According to the Women’s Media Center’s annual report of the status of women in the media, men account for a whopping 83% of content creation/ownership positions (writers, directors, producers, editors, etc.) in the film and television sector, while women make up a mere 27% of these roles. In print media and news coverage, the underrepresentation of women is also evident. Men accounted for about 62% of all content written in the top 10 newspapers in the country, leaving women with only about 38% of the articles written.
It’s no wonder why the media’s general representation of women is so skewed; the majority of our narrative is being told from the perspective of men (older white men to be exact)! How can we be fairly and accurately portrayed in the media if our story is controlled by and told from the perspective of those who don’t live it or understand it? In order for the prevailing gender inequality problem in the media to improve, we are going to need more women in positions of power and ownership in the media. We can’t influence our narrative if we don’t have a say in how our story is told or how we are portrayed.

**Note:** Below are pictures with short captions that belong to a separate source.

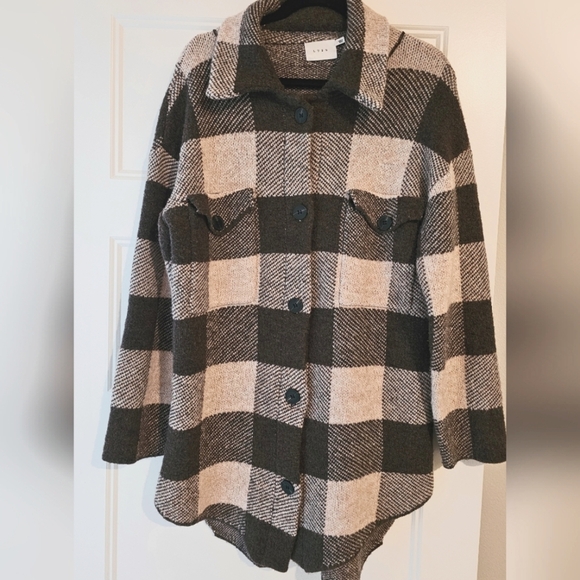 Lush Women's Long Button-Up Cardigan sz small - Picture 4 of 5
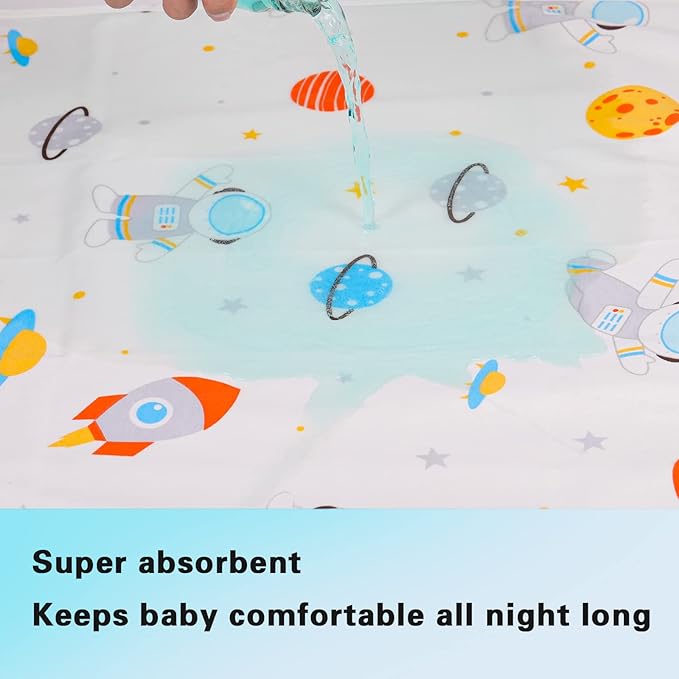 Baby Portable Changing Pad Waterproof Diaper Changing Mat Travel 3 Pack Washable Mattress Pad Reusable Under Pads Changing Pad Liners 22" x 27.5"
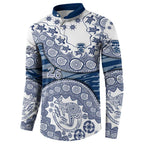 Geelong Cats NAIDOC Week 2026 Button Sweatshirt Australian Aboriginal Dot Art Dreamtime Pattern Style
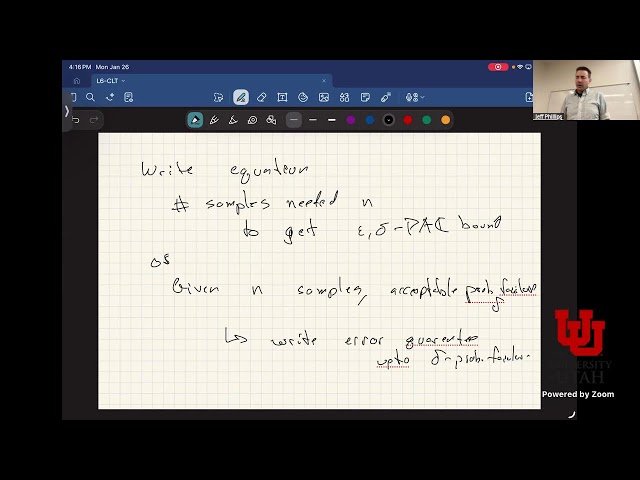 Foundations of Data Analysis - Central Limit Theorem - L6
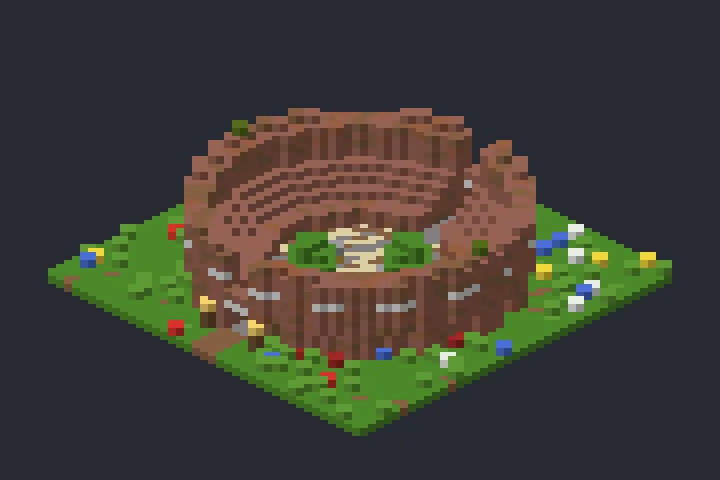 Anfiteatro da Brisa no Minecraft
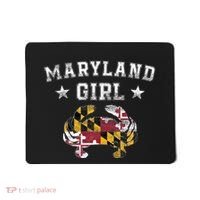 Maryland Girl Flag Blue Crab State Pride Retro Mousepad thumb 0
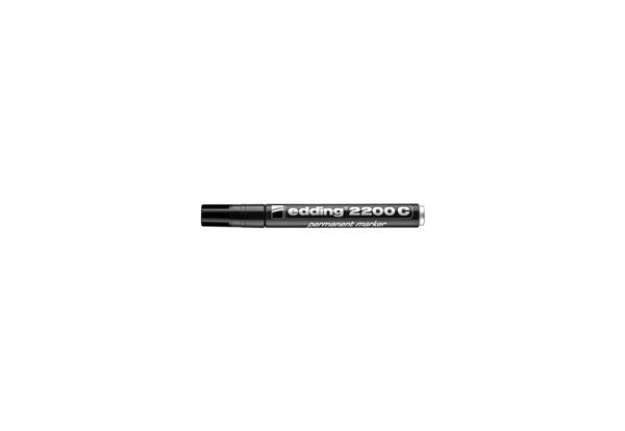 Immagine di Marcatore permanente edding 2200 C punta scalpello 1-5 mm nero E-2200C 001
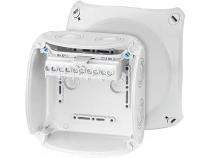 HENSEL KF 0606 G 130 x 130 x 77 mm Wall Mounted 5 Pole Junction Boxes_0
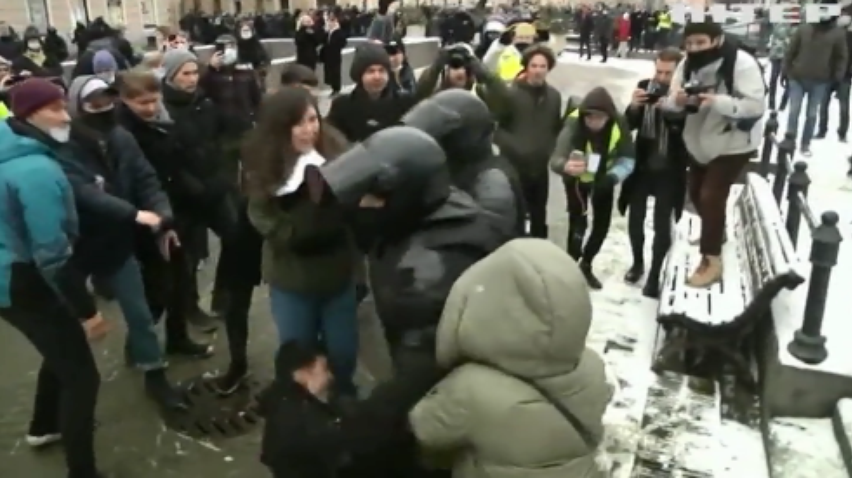 У Росії відбулись протести у 86 містах
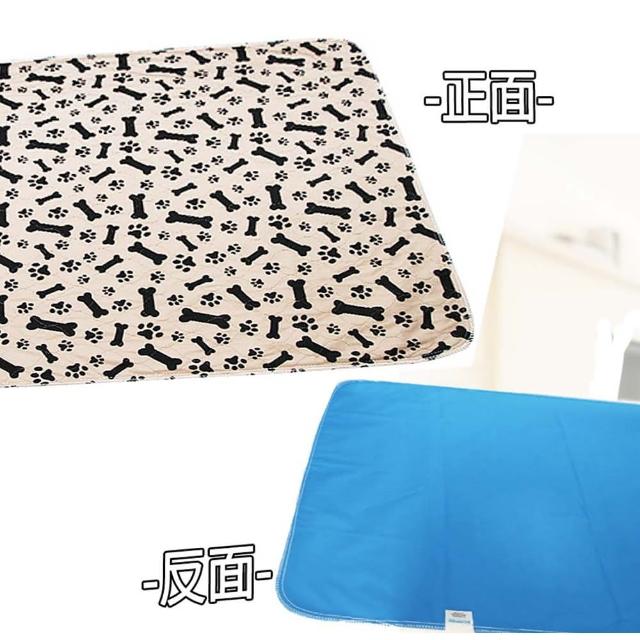 【LIKE PET】加厚寵物環保尿墊-M(貓狗尿片 重複使用 防水可洗 環保尿布墊 環保可水洗 保潔墊)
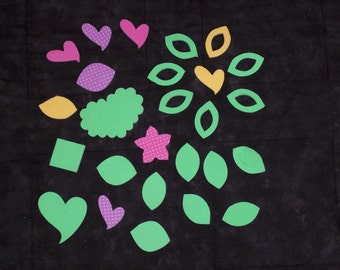 flowers and hearts foam sticker mix,fun foam,stick-on,craft pieces,ass't colors & shapes,plain,kid's cards,crafts
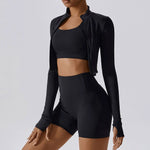 Load image into Gallery viewer, Luxurious Contoured Yoga Jacket With Nylon Zip Front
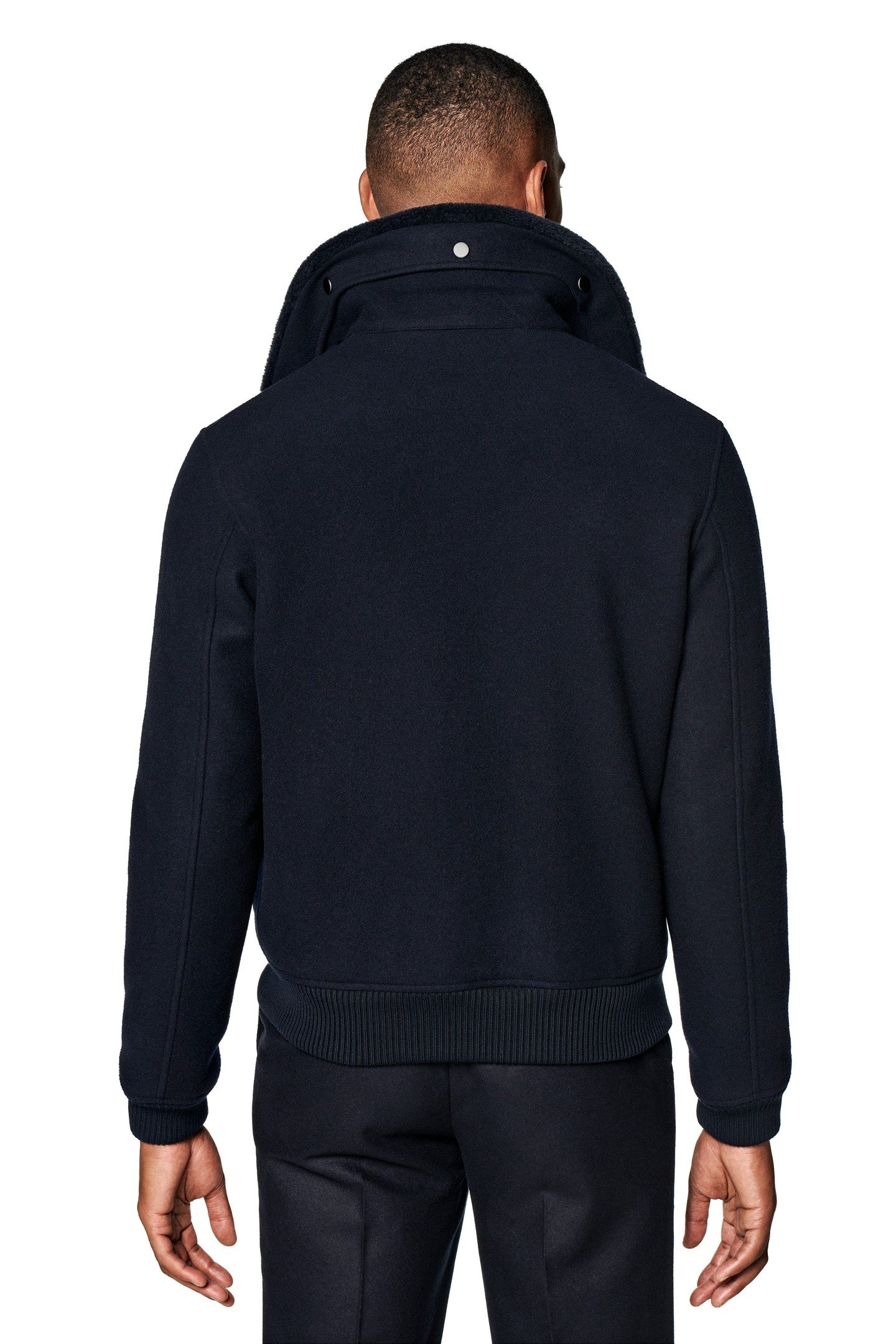 SHEARLING BOMBER-NAVY NAVY 4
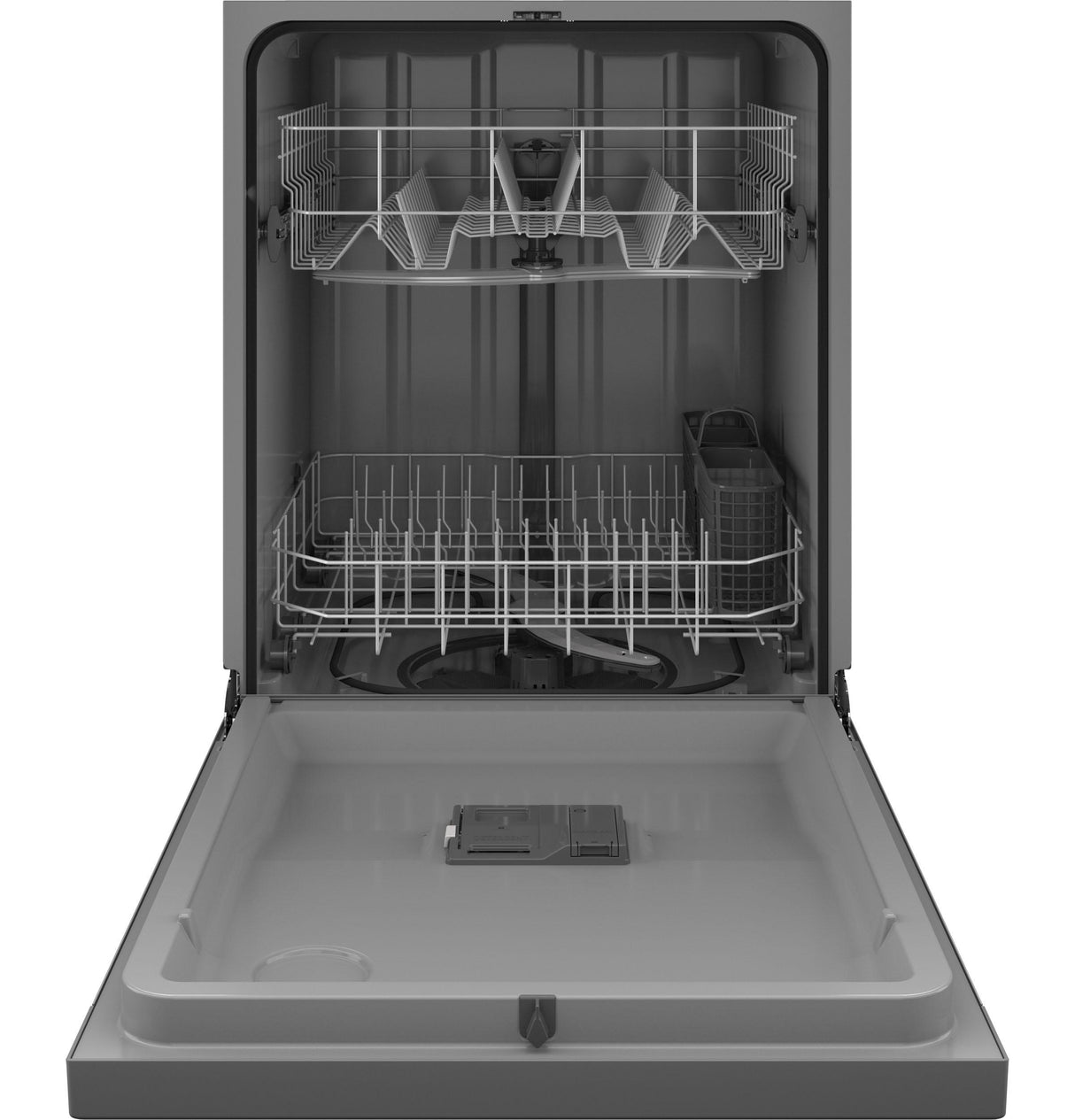 GE GDF510PSRSS - 24 in. Front Control Flush-Mount Dishwasher with 59 dBa Sound Level, Dry Boost & Pocket Handle - Stainless Steel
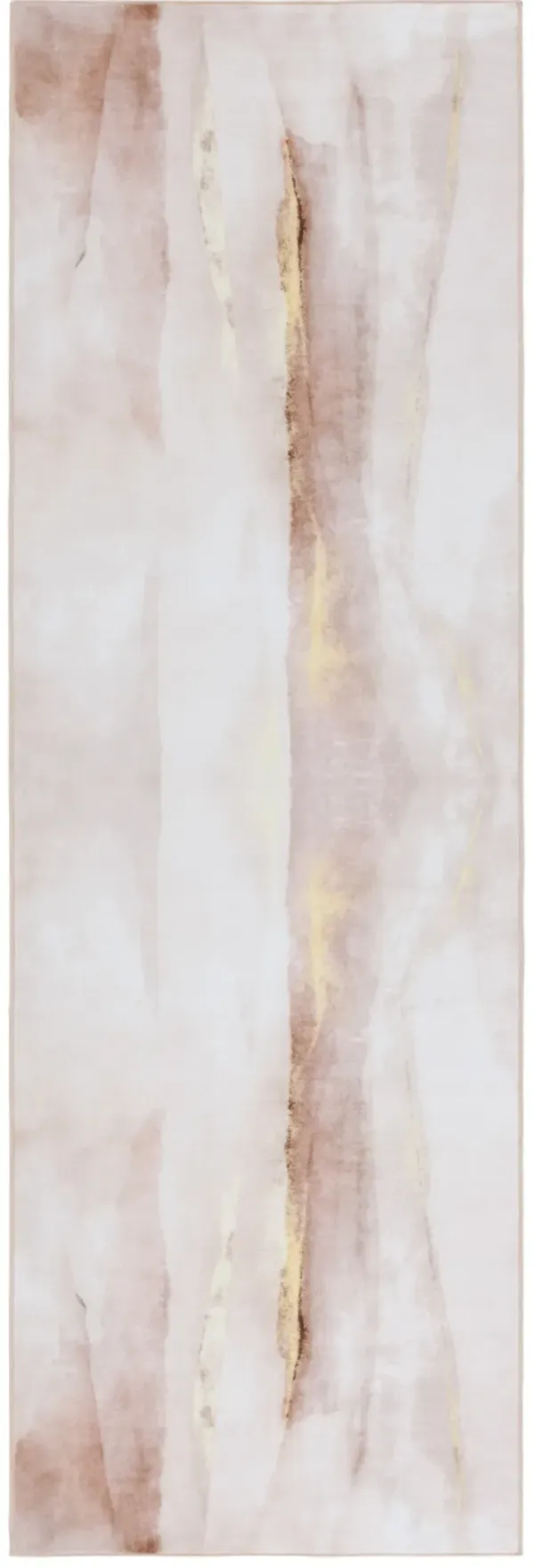 SANTA MONICA 807 BEIGE  2'-6' x 8' Runner Rug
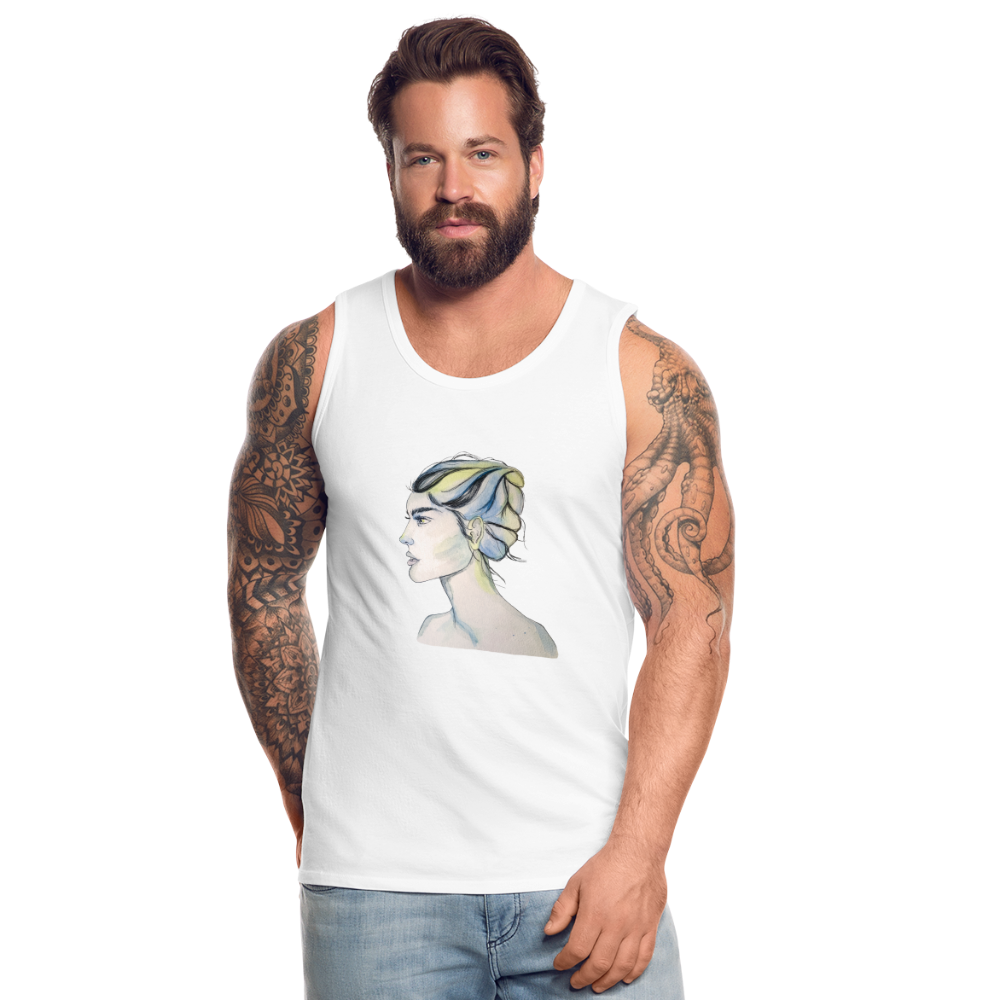 Portrait - Männer Tank Top - weiß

Women’s Media Center, created by Jane Fonda, Robin Morgan, and Gloria Steinem, is an organization that is striving to make the media more inclusive for women and to more fairly represent women. The organization aims to accomplish this by first educating the industry and the general public of the issue because no problem can be solved if it is not recognized and understood as an issue in the first place. As people are made aware of the problem at hand, they will be better equipped to make more conscious decisions that will lead to the much needed change in the media's representation of women, and these changes will eventually result in changes in how our society views and treats women.
“Inequality defines our media. Media tells us our roles in society – it tells us who we are and what we can be”. -Julie Burton, President of the Women’s Media Center.